Economic diversification efforts across the Gulf are creating clear areas for collaboration with European firms, investors, and institutions, provided regulatory friction can be managed pragmatically. Energy cooperation is set to remain central in 2026, though its nature is evolving. GCC states are positioning themselves not only as energy suppliers but as partners in shaping the global energy transition on their own terms. In this context, the EU’s regulatory-heavy climate framework may increasingly contrast with the GCC’s technology and investment-led approach, creating both friction and opportunities for complementary solutions.
Technological cooperation is also expected to gain prominence in 2026. Artificial intelligence, digital public infrastructure, fintech, and climate adaptation technologies represent areas where GCC ambitions intersect with European capabilities. However, differences in data governance, AI regulation, and digital sovereignty models are likely to persist. Instead of convergence, 2026 may see the emergence of selective compatibility, whereby cooperation advances in specific use cases, but more general alignment remains limited.
Geopolitically, 2026 is likely to reinforce the asymmetry between EU and GCC foreign policy approaches. GCC states are expected to continue expanding diplomatic engagement with Asia, Africa, and emerging economies, positioning themselves as flexible mediators and connectors in a multipolar system. The EU, by contrast, is likely to remain constrained by internal processes of building consensus and normative frameworks. This divergence may limit strategic alignment but also reduce direct competition, allowing space for pragmatic cooperation on regional stability, maritime security, and crisis de-escalation. Social and human capital dimensions are expected to feature more prominently in 2026, as GCC labour markets, education systems, and talent policies will evolve. At the same time, differences in social regulation and political norms will likely continue to shape the boundaries of cooperation, reinforcing a relationship based on managed differences rather than value convergence.

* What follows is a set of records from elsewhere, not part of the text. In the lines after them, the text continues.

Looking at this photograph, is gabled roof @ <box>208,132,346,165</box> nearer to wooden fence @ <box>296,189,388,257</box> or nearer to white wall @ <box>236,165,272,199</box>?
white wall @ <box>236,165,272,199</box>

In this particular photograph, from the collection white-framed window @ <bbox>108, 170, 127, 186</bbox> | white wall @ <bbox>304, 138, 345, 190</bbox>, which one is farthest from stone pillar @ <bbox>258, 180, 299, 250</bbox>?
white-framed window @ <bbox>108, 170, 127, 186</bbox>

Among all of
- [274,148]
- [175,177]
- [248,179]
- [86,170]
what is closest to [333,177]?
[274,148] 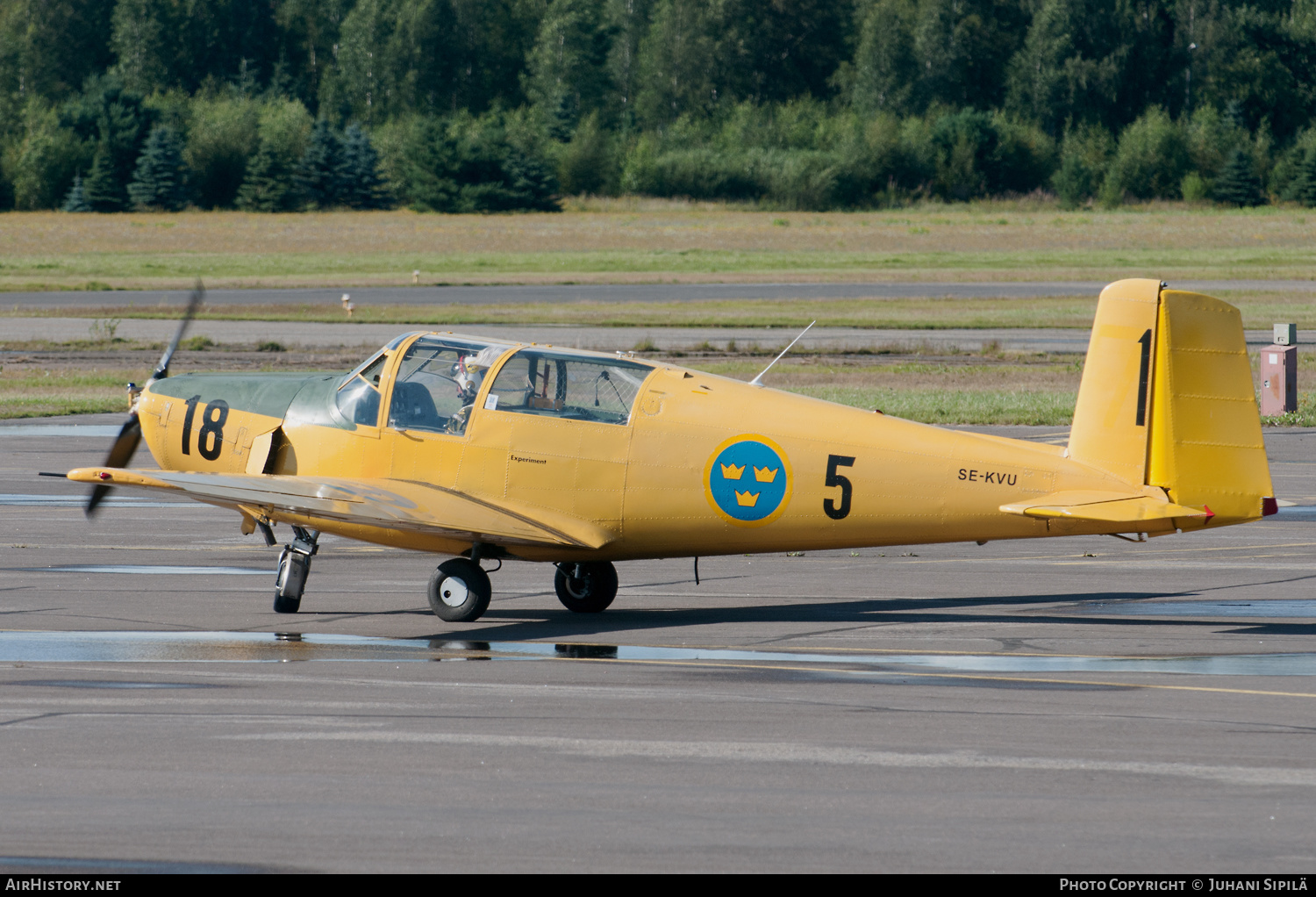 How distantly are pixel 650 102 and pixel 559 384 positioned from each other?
118 metres

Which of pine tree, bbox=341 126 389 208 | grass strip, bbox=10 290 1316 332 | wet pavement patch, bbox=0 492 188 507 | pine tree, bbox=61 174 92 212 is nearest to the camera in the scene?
wet pavement patch, bbox=0 492 188 507

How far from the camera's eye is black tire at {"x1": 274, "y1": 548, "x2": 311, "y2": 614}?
38.6 ft

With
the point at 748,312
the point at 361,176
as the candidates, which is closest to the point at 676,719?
the point at 748,312

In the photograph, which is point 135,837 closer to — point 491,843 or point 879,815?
point 491,843

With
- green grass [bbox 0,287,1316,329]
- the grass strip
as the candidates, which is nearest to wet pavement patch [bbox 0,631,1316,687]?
green grass [bbox 0,287,1316,329]

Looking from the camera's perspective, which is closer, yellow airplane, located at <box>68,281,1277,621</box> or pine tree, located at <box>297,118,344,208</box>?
yellow airplane, located at <box>68,281,1277,621</box>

Overall, looking ahead to 2026, EU–GCC relations are likely to be characterised by realism rather than ambition. The relationship is expected to deepen in functional terms—trade, energy, technology, and investment—while remaining limited at the strategic and normative levels. For the GCC, the EU will remain a valuable but non-dominant partner within a diversified global engagement strategy. For the EU, the GCC will increasingly be seen not just as an energy supplier, but as a confident system-builder and influential economic actor whose governance model and strategic priorities differ fundamentally from Europe’s own.